Last night, I attended an open hearing on the proposed
resolutions on marriage that will come before our Convention this week. The
dissenting voices (or those willing to speak) were fewer than I expected. I
couldn’t help but notice that most of these voices were cloaked in some degree
of fear: fear of what a too-sudden change would do to society, to our parishes
in parts of the country where today’s Court decision is unpopular, to the reputation
of The Episcopal Church, to our polity, to our theology, to our relationships with other
Christian bodies. I can’t see fear, but I can feel it in a room. It is a
low-lying shadow that creeps along the floor and slithers into your body through
the feet, making the heart race and the mind freeze. Last night, fear, not passion
or antagonism, wafted from the “what if’s.”

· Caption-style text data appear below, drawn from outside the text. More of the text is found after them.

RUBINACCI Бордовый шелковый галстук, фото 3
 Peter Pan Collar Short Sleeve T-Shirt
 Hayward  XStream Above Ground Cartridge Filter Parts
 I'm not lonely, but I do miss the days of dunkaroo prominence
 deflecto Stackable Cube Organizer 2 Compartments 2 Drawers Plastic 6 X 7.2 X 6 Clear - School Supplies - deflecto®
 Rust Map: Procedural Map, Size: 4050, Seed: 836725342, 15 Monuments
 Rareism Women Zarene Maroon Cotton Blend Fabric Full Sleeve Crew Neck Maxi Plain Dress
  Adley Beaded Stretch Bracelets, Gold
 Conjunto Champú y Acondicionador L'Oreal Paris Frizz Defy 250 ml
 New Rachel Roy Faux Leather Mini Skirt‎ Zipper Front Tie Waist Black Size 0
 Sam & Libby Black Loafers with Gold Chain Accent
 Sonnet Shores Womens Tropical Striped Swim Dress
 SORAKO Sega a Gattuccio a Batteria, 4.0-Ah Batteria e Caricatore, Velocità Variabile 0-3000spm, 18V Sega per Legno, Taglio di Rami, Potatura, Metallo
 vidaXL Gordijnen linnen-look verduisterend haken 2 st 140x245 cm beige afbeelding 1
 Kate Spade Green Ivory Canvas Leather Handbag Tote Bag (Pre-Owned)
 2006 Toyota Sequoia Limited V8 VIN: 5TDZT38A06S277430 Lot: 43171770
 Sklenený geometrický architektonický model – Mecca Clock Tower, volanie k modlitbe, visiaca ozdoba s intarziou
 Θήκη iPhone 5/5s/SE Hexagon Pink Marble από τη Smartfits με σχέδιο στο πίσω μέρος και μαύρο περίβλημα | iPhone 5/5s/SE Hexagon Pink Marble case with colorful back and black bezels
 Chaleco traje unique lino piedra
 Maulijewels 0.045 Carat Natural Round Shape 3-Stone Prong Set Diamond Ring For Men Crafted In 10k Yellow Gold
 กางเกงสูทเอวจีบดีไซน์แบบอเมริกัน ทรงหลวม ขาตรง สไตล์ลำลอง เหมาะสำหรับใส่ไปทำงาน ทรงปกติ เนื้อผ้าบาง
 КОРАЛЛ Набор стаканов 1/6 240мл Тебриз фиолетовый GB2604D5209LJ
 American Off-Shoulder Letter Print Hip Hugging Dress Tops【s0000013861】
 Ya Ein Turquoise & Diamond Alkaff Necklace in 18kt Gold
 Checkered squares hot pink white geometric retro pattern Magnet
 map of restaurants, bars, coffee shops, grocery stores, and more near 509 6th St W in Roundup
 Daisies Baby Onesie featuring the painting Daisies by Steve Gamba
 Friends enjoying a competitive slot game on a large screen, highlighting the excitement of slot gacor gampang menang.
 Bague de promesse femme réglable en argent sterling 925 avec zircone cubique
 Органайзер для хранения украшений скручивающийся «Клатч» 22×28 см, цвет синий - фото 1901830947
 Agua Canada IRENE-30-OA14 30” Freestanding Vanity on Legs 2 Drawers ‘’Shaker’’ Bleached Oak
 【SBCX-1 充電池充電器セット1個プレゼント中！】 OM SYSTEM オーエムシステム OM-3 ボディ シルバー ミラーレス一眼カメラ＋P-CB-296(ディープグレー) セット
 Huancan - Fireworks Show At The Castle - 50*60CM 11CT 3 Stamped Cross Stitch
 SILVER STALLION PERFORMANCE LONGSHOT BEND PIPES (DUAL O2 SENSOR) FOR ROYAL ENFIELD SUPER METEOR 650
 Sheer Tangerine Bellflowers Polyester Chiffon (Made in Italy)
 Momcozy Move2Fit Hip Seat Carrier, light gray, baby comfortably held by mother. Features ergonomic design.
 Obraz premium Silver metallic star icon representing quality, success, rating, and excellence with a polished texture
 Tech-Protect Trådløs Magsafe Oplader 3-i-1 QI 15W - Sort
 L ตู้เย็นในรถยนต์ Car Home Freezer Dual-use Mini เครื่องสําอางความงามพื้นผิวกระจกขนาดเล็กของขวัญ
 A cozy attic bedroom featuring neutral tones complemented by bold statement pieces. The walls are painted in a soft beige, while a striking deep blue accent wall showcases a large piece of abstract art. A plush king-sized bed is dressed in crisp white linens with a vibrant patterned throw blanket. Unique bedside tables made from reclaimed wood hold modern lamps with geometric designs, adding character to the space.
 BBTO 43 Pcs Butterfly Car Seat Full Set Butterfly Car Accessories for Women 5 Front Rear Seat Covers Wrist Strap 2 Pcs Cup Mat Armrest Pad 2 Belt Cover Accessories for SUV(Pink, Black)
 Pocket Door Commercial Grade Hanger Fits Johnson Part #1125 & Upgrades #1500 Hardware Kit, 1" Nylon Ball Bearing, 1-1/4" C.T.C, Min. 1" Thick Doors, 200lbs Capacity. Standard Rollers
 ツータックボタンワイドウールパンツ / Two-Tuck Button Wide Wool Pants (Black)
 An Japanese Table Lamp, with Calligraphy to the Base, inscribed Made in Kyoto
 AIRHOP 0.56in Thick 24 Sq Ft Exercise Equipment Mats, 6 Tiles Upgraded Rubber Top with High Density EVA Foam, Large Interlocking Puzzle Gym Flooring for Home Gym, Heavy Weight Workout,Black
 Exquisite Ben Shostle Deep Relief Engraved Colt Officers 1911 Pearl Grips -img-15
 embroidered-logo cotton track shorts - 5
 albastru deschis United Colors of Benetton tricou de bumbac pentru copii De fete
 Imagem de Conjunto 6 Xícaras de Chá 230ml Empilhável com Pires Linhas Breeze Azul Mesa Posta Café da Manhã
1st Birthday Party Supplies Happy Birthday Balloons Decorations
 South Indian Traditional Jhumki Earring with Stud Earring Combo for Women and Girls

Fear made a brief appearance today as we remembered the
victims of the terror attacks in France, Tunisia, and Kuwait. Even in prayer,
fear can hover in the corners. But, oh my, today it didn’t linger long. Today
there was palpable joy in the air at Convention. There were more smiles in the
hallways, more clever repartee in the House of Deputies, and more voices
singing during worship than I noticed earlier this week. It was another 97-degree
day in Salt Lake City, but the news of the Supreme Court decision on marriage started
to spread like a whispering breeze through the crowds lined up for early
morning coffee. It pushed through the heavy metal doors of the worship area and,
gaining momentum, wrapped itself around the jazz ensemble playing the prelude.
Those who stood in drooping solemnity during yesterday’s Eucharist started
clapping along to an impromptu, “We are Marching in the Light of God.” Young
adults, grey-haired bishops, and collared clergy started dancing down the
aisles, all waving their arms like a bunch of Pentecostals on fire. The funny
thing was, the show of emotion didn’t seem forced or staged. There was none of
that, “Oh-look-at-us-we-are-Episcopalians-but-we-know-how-to-be-cool-too” air
that often accompanies mandatory innovation in worship. It was all authentic
today. In the hallways, I didn’t notice any of the self-congratulatory back-slapping
that can accompany a political victory, either. It was just pure joy, an exhaling
of breath held in too long.
I don’t know how Convention will vote when it is our turn to
vote on marriage later this week, and I don’t intend to debate the issues tonight
on Facebook or on my blog. I intend only to celebrate a joy that I see too
little of in this world, even in the Church. Fear is too familiar. Tonight I
pray to borrow just a portion of my LGBT brothers’ and sisters’ sudden sense of
the freedom to soar, the freedom to love.